By analyzing existing cross correlation between Xcel Brands and H M Hennes, you can compare the effects of market volatilities on Xcel Brands and H M and check how they will diversify away market risk if combined in the same portfolio for a given time horizon. You can also utilize pair trading strategies of matching a long position in Xcel Brands with a short position of H M. Check out your portfolio center. Please also check ongoing floating volatility patterns of Xcel Brands and H M.

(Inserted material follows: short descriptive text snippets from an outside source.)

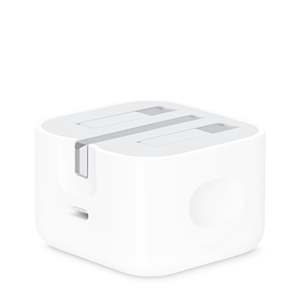 شارژر 20 وات اورجینال اپل با گارانتی Apple 20W Power Adapter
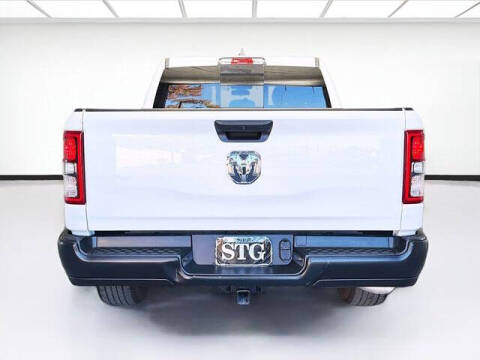 2023 RAM 1500 Tradesman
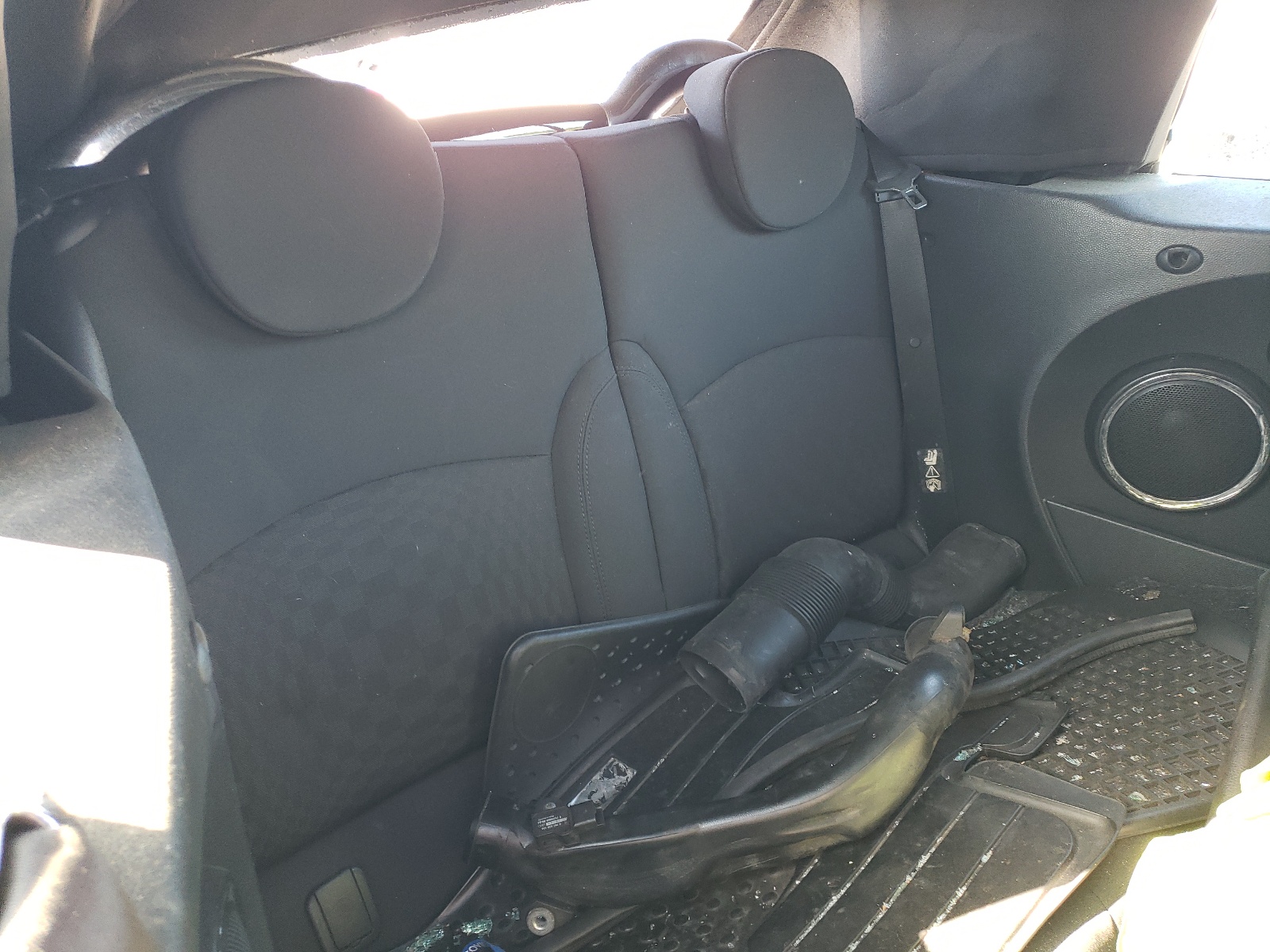 WMWMS3C59ATZ85285 2010 Mini Cooper S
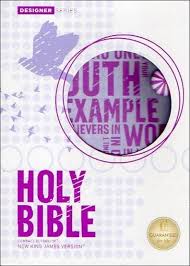 NKJV HOLY BIBLE COMPACT ULTRASLIM DESIGNER
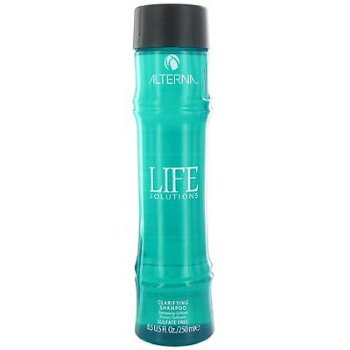 Alterna Life Solutions Clarifying Shampoo 8.5 oz. Alterna on white background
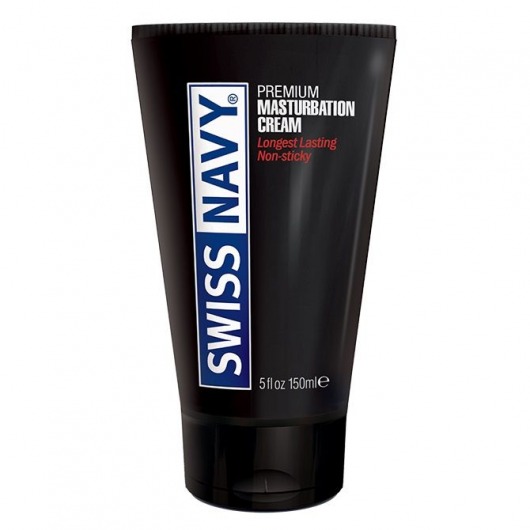 Крем для мастурбации Swiss Navy Masturbation Cream - 150 мл. - Swiss navy - купить с доставкой в Сочи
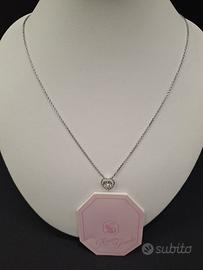 Swarovski 5720852 Collana Pendente Angelic ZYQ DD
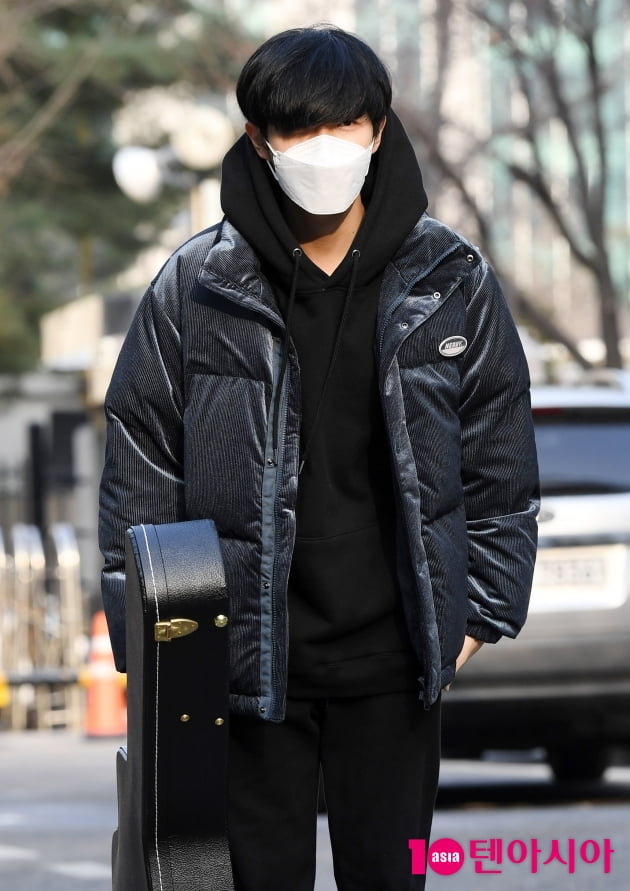[TEN포토] 김재환 '반짝반짝 빛나는 눈동자''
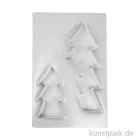 Artikelbild 2 des Artikels “Gießform Tannenbaum 2-teilig 14 x 29 x 2,7 cm “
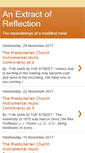 Mobile Screenshot of anextractofreflection.blogspot.com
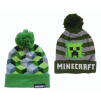BOX 20 KS ČEPICE  MINECRAFT (Velikost box 20 ks)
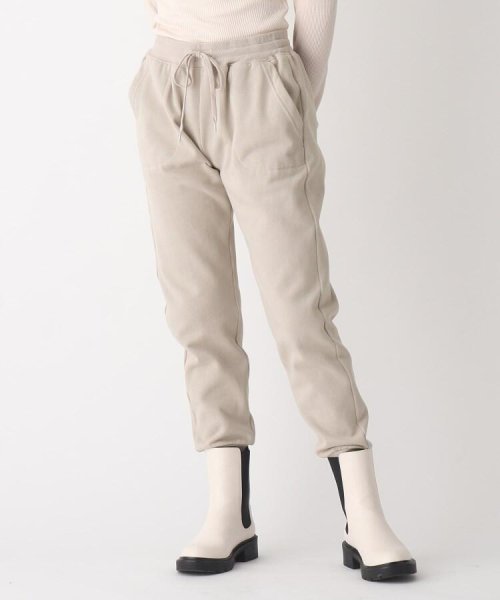 セール 大草直子さんコラボ スウェットパンツ オペークドットクリップ Opaque Clip Magaseek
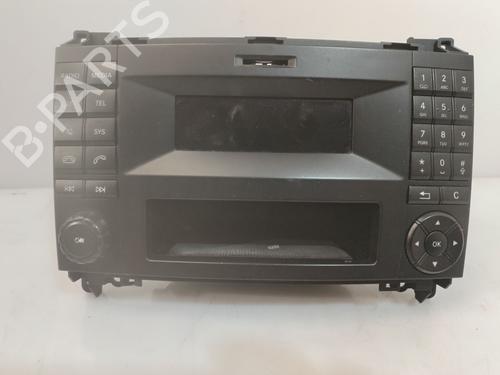 Autoradio für MERCEDES-BENZ VITO Tourer (W447) 114 CDI (447.701, 447.703, 447.705) (136 hp) 32360848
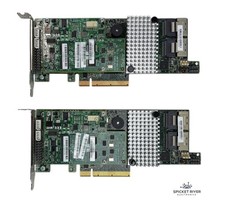 Lot of 2 - Cisco UCS-RAID9271CV-8I V04 MegaRAID 8-Port 6Gb/s SAS Controller Card picture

Diversification Opportunities for Xcel Brands and H M

-0.01
  Correlation Coefficient

Good diversification

The 3 months correlation between Xcel and HNNMY is -0.01. Overlapping area represents the amount of risk that can be diversified away by holding Xcel Brands and H M Hennes in the same portfolio, assuming nothing else is changed. The correlation between historical prices or returns on H M Hennes and Xcel Brands is a relative statistical measure of the degree to which these equity instruments tend to move together. The correlation coefficient measures the extent to which returns on Xcel Brands are associated (or correlated) with H M. Values of the correlation coefficient range from -1 to +1, where. The correlation of zero (0) is possible when the price movement of H M Hennes has no effect on the direction of Xcel Brands i.e., Xcel Brands and H M go up and down completely randomly.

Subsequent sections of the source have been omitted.